The pipe in pipe piston thrust system 10 described herein may be used to cross a leak path. As shown in FIGS. 2A, 2B, 2C, and 2D, a method for traversing a leak path comprises a pipe in pipe piston thrust system 10 operating when there is a lateral leak path 80. After the pump 26 pumps fluid 20 into the first annulus 22 of the wellbore 16 where the tubular string 32 and drill bit 34 are disposed. A first piston assembly 12 disposed in the wellbore 16 selectively sealingly engages with the wellbore 16 creating a second annulus 24 between the first piston assembly 12 and the surface 28. In an embodiment, the first piston assembly 12 comprises a by-pass 18A which allows for selective communication of the fluid 20 between the first annulus 22 and the second annulus 24. In an embodiment, the by-pass 18A may not be integrated with the first piston assembly 12 and may be located in a fixed position along the wellbore 16. In an embodiment illustrated in FIG. 2A, the by-pass 18A is closed so that pump 26 may provide fluid pressure on the first piston assembly 12, thereby applying weight to drive the drill bit 34 through the subterranean formation 36. In an embodiment, the by-pass 18A may be open when additional weight is not needed to drive the drill bit 34 through the subterranean formation 36. In an embodiment, the first piston assembly 12 is fixedly attached to the tubular string 32. In an embodiment, the first piston assembly 12 may selectively sealingly engaged with the tubular string 32 so that the first piston assembly 12 may move axially along the tubular string and then sealingly engage the tubular string 32 preventing fluid communication between the first annulus 22 and the second annulus 24. The selectively sealingly engagement of the first piston assembly 12 to the tubular string 32 may be accomplished by the coupling system previously described. The pump 26 may then pump fluid into the second annulus 24 creating pressure on the first piston assembly 12 and applying weight on the drill bit 34.

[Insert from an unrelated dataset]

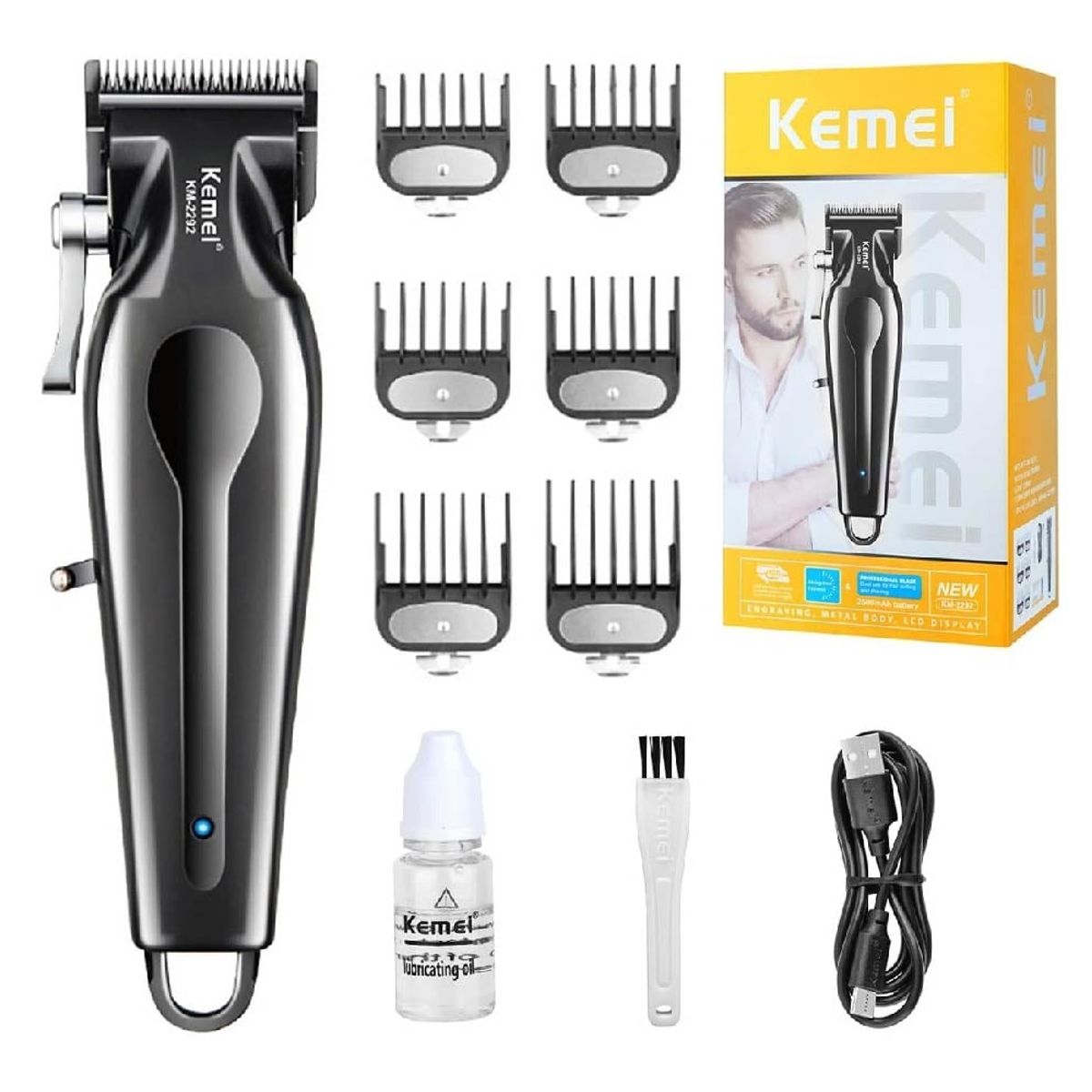 KEMEI - Maquina de cortar cabello Profesional KEMEI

Turning to FIG. 2B, as the drill bit 34 drives deeper through the subterranean formation 36, a second piston assembly 14 is disposed in the wellbore 16, which may selectively sealingly engage with the wellbore 16 to create a third annulus 30 between the second piston assembly 14 and the surface 28. In this embodiment, the second piston assembly 14 may be fixedly attached to the tubular string 32 so that as the drill bit 34 and the first piston assembly 12 move axially through the wellbore 16, so does the second piston assembly 14, and the first piston assembly 12 and the second piston assembly 14 may slidingly sealingly engage the wellbore 16. This also allows for the second annulus 24 to maintain an axial distance X along the wellbore 16. In this embodiment the second piston assembly 14 comprises a by-pass 18B which allows for selective communication of the fluid 20 between the second annulus 24 and the third annulus 30. In an embodiment, the by-pass 18B may not be integrated with the second piston assembly 14 and may be located in a fixed position along the wellbore 16. The by-pass 18B may remain open so that fluid 20 can communicate between the third annulus 30 and the second annulus 24, thereby applying pressure to the first piston assembly 12 to drive the drill bit 34. In an embodiment, the by-pass 18B may remain closed preventing fluid from communicating between the third annulus 30 and the second annulus 24 and thus applying pressure to the second piston assembly 14 to drive the drill bit 34.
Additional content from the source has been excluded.